Migration and Integration Forum – “Je t’aime, … moi non plus” : Reframing migration & integration challenges in Greece and Europe
The Thessaloniki Integration Forum “Je t’ aime, … moi non plus: Reframing migration and integration challenges in Greece and Europe” took place on 9-11 May 2019 at the Thessaloniki Municipal Hall, organized by Symbiosis-School of political studies in Greece, affiliated to the Council of Europe Network of Schools, within the framework of the EC Jean Monnet programme, with the support of the Thessaloniki Municipality and the UNHCR Representation in Greece.
The Forum discussed critical issues in policy-making and cross-disciplinary approaches related to the migration/integration nexus, aiming to address multiple challenges and the gaps between national policies and local implementation common to many European countries.
The objective has been to review policy-making on migration and asylum, integration and acquisition of citizenship in the context of 2019 as the last transitional year towards the Greek government taking over direct management of funding and implementation of all support services related to asylum seekers, including protection, shelter and cash assistance. Cross-disciplinary approaches and useful practices were debated with the participation of institutional representatives, academics and practitioners from Greece and Europe. Ιnsights on international and European discussions on ways and partnerships to respond to humanitarian emergencies and meet the operational challenges of migration management and international protection policies have been also considered.

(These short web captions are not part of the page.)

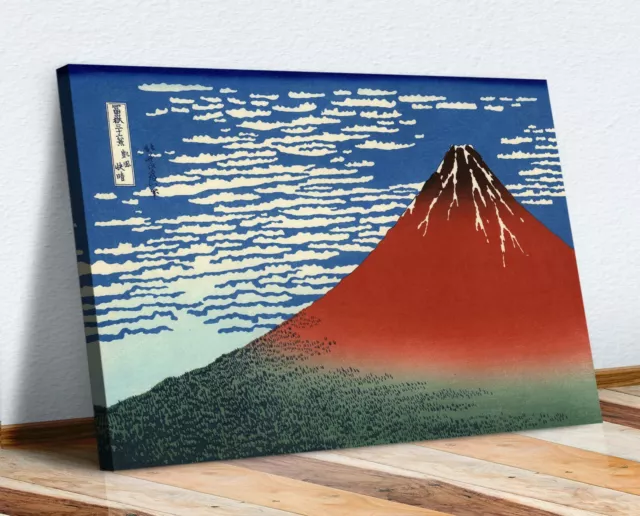 Hokusai Red Mount Fuji Ukiyoe -Canvas Wall Art 30Mm Deep Framed Print Vintage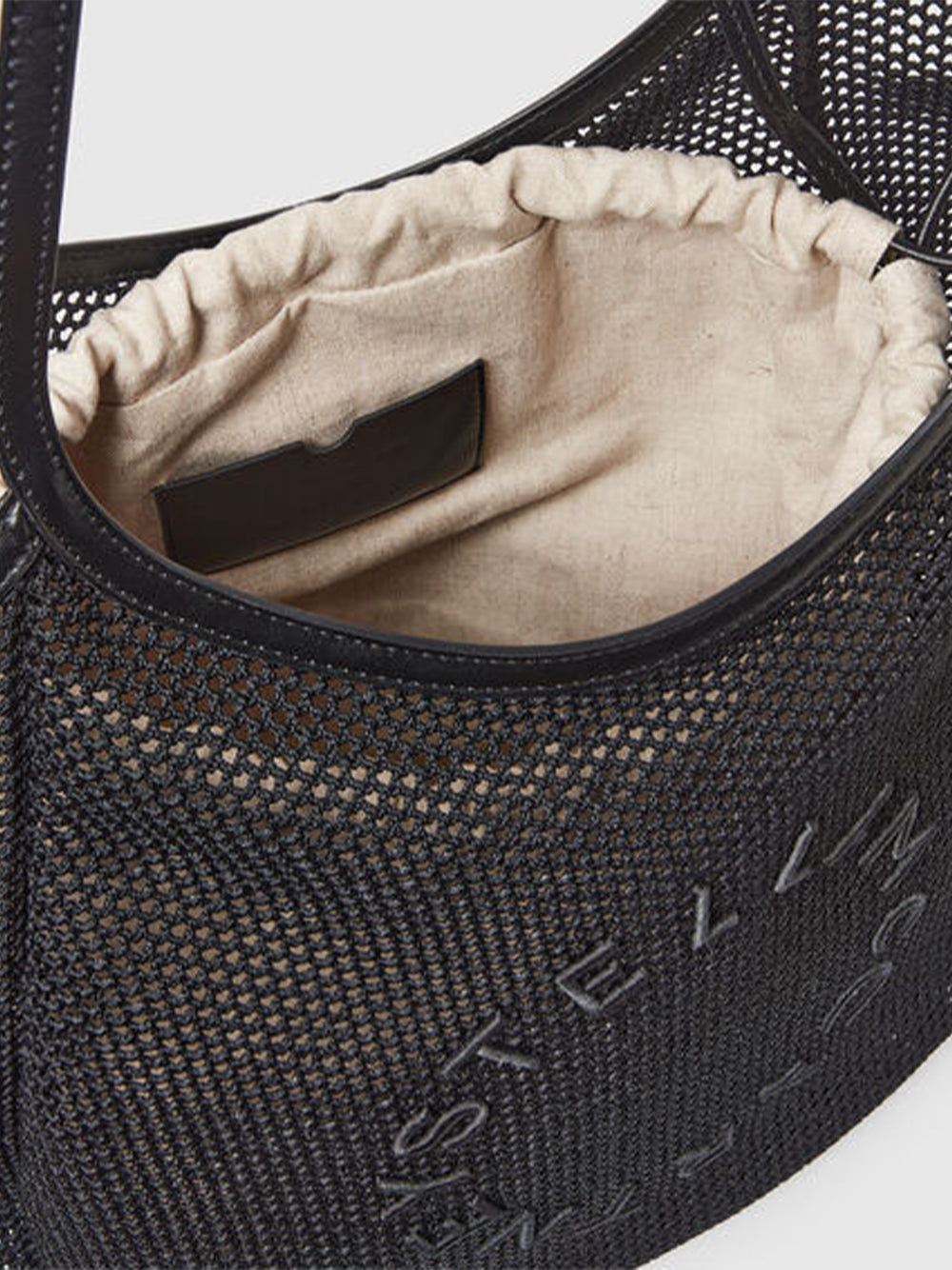 Logo Mesh Hobo Bag (Black)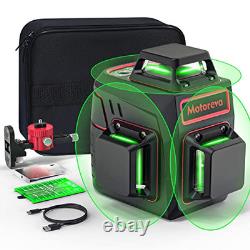 Self Leveling Laser Level 3x360° 3D Cross Line Rotary Lasers Green Beam, Pulse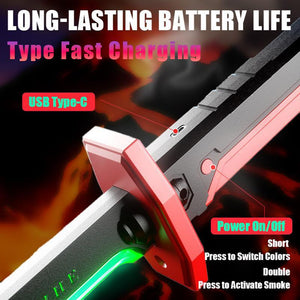 Sparkblade Sword with Sparks, Smoke Sparking Light up Sword, Anime-Inspired Light-Up Swords for Cosplay, Roleplay, and Collectors, Perfect for Costumes, Halloween, and Display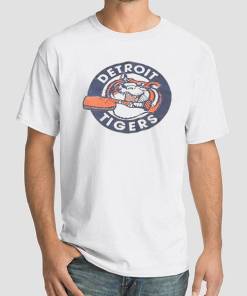 White T Shirt Vintage 90s Detroit Tigers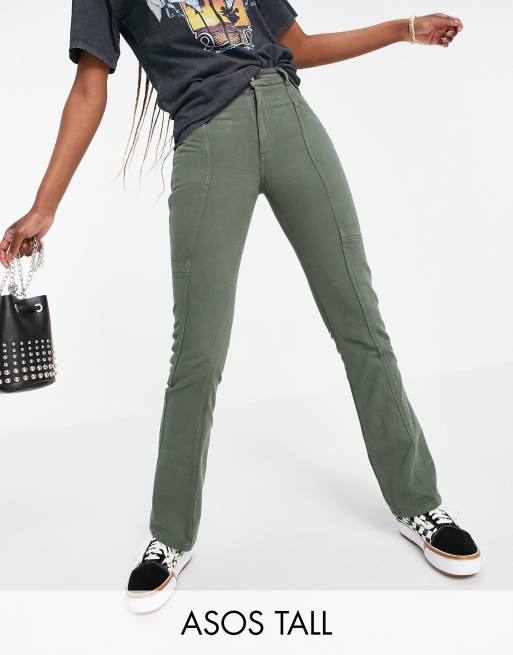 ASOS DESIGN Tall low rise utility flare in khaki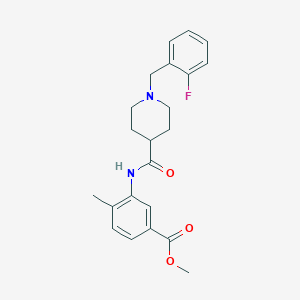 molecular formula C22H25FN2O3 B4957059 methyl 3-({[1-(2-fluorobenzyl)-4-piperidinyl]carbonyl}amino)-4-methylbenzoate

Following the post-2015 humanitarian emergency refugee response in Greece and its interesting modalities setting a new precedent for the EU member states, the Greek Ministry of Migration Policy published its Strategy for Integration, while a plurality of stakeholders faces a challenging period ahead, given continued challenges of interjecting scales of receiving new arrivals and integrating populations benefitting from international protection, changes in flows of funding, everlasting temporariness of policies and their impacts, refugees’ and migrants’ own agency, EU perspectives following the European Parliament elections and possible rise in racism and xenophobia. Challenges pertaining to legal migration seem to be overlooked, however Greece has made significant progress in aligning its legislation and administrative practice with international standards in the field of citizenship acquisition, prevention and reduction of statelessness.
The debates reframed integration as a relational practice constituted by multiple incremental and transformative formal and informal encounters between displaced people, places, institutions and services that are developed to endure and maintain life. An understanding of integration as the result of complex daily strategies of learning, navigating and governing the city enabled discussions to shift the focus onto the historical and present experiences of those who ‘have to integrate’, recognizing the centrality of migrants’ and refugees’ own assessments to policy innovation and urban governance.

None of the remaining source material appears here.